The Indus and the architecture of scarcity
Pakistan is the most water-stressed large country in South Asia. Per-capita annual water availability collapsed from roughly 5,260 cubic metres in 1951 to below 1,000 cubic metres by the early 2020s—the threshold the UN classifies as water scarcity (1,700 m³ is stress). The Pakistan Council of Research in Water Resources (PCRWR) warned in 2018 that the country could approach 'absolute scarcity' (500 m³) around 2025.
The legal spine of Pakistan's water is the Indus Waters Treaty of 1960, brokered by the World Bank and signed by President Ayub Khan and Prime Minister Jawaharlal Nehru. It allocated the three eastern rivers (Ravi, Beas, Sutlej) to India and the three western rivers (Indus, Jhelum, Chenab) to Pakistan, with India retaining limited non-consumptive use upstream. Disputes over the Baglihar (resolved by a Neutral Expert in 2007) and Kishanganga (Permanent Court of Arbitration award, 2013) dams have recurred. In January 2023 India issued a formal notice seeking modification of the Treaty; following the April 2025 Pahalgam attack India announced it would hold the Treaty 'in abeyance,' a development of acute exam relevance.

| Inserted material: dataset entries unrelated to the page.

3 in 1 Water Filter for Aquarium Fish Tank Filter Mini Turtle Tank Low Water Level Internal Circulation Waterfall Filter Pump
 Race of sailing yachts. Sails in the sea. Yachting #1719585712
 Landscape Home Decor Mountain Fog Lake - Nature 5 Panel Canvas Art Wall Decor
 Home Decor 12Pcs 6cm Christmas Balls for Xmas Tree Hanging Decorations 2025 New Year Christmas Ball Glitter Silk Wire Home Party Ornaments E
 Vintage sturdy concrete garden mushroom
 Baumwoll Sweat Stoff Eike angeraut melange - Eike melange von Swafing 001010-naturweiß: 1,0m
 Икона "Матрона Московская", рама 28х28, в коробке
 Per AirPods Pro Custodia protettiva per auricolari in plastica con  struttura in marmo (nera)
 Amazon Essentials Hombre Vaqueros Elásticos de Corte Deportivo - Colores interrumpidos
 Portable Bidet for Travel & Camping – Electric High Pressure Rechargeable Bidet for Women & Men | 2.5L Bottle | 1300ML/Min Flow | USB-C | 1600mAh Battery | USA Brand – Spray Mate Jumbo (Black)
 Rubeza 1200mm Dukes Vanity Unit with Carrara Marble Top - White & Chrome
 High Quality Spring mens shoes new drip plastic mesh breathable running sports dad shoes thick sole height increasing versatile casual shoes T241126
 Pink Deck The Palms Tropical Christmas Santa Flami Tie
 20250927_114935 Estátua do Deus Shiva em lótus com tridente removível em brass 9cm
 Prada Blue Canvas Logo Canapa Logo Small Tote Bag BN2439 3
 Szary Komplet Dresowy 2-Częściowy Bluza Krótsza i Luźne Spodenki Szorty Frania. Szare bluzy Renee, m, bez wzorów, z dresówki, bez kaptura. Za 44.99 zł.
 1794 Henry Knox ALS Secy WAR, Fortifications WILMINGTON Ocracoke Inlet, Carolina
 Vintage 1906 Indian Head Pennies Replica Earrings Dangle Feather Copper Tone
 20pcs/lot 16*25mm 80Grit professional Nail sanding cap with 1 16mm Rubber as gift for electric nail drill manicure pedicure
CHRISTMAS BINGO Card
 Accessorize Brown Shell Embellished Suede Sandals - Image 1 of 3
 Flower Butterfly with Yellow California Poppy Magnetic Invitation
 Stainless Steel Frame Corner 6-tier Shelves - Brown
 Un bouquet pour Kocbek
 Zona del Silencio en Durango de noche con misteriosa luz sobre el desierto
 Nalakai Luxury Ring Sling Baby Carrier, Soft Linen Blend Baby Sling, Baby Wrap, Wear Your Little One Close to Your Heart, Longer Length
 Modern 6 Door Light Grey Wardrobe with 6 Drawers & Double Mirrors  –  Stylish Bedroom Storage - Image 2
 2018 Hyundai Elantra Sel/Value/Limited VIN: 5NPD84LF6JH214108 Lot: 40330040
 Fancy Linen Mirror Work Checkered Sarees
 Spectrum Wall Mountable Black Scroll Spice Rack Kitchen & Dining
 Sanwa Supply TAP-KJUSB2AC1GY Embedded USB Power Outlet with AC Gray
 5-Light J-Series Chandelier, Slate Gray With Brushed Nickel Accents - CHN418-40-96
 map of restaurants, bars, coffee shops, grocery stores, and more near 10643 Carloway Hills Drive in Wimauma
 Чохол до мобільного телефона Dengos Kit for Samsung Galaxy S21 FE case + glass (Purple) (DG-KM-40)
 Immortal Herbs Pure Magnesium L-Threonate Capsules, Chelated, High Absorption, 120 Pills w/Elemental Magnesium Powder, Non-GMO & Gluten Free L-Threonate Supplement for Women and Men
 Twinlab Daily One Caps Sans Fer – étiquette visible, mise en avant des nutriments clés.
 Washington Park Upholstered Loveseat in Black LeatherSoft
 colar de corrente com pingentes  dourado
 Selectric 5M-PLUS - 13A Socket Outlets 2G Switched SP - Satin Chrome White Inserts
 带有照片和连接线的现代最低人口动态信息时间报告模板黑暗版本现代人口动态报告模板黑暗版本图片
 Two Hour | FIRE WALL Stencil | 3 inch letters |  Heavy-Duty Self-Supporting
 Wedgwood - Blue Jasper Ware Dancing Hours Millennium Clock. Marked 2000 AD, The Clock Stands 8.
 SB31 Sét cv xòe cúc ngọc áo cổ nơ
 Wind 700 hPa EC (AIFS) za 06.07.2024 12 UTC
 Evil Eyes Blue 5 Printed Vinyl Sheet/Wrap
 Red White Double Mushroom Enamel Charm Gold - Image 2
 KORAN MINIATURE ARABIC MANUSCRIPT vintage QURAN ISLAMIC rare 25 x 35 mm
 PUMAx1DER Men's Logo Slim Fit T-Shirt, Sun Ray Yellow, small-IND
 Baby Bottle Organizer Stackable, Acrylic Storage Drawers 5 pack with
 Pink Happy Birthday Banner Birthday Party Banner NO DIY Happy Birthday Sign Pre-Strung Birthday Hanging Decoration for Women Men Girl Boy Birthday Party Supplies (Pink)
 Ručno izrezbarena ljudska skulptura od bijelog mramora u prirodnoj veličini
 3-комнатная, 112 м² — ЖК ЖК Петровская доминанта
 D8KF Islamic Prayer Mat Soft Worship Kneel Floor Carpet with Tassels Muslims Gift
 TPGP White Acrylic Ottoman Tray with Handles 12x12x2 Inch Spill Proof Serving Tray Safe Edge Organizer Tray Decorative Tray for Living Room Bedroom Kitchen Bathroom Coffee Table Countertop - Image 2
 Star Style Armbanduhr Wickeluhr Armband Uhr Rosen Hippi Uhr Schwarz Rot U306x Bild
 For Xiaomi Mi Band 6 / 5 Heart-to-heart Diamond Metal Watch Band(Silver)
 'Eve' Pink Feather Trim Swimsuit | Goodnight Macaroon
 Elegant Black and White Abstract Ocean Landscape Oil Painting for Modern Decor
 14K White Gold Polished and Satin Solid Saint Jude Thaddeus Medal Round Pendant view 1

Storage, distribution and provincial conflict
Pakistan's live storage capacity—chiefly Tarbela (1976) and Mangla (1967)—gives only about 30 days of carryover, against an international norm of 1,000+ days; siltation steadily erodes even that. Internally, water is apportioned under the Water Apportionment Accord of 1991, administered by the Indus River System Authority (IRSA). The Accord remains contested: Sindh routinely alleges Punjab over-draws, and the Kalabagh Dam has been politically dead since the 1990s because Sindh, Khyber Pakhtunkhwa and Balochistan assemblies passed resolutions against it. Diamer-Bhasha and Mohmand dams, financed partly through a Supreme Court fund launched by Chief Justice Saqib Nisar in 2018, advance slowly.
Groundwater over-abstraction in Punjab, salinity and waterlogging in the lower Indus, and the disappearance of flow to the Indus delta (driving seawater intrusion in Thatta and Badin) compound the surface-water crisis. The 2022 monsoon floods—submerging a third of the country and causing over USD 30 billion in losses per the Post-Disaster Needs Assessment—exposed how climate volatility now swings between drought and deluge. Pakistan, contributing under 1% of global emissions, ranks among the most climate-vulnerable states on the Global Climate Risk Index.
For the candidate, the operative facts are the two treaties (1960 international, 1991 internal), the arbitration precedents, the storage deficit, and the delta-salinity nexus—each a ready peg for an analytical answer that moves beyond description to policy prescription.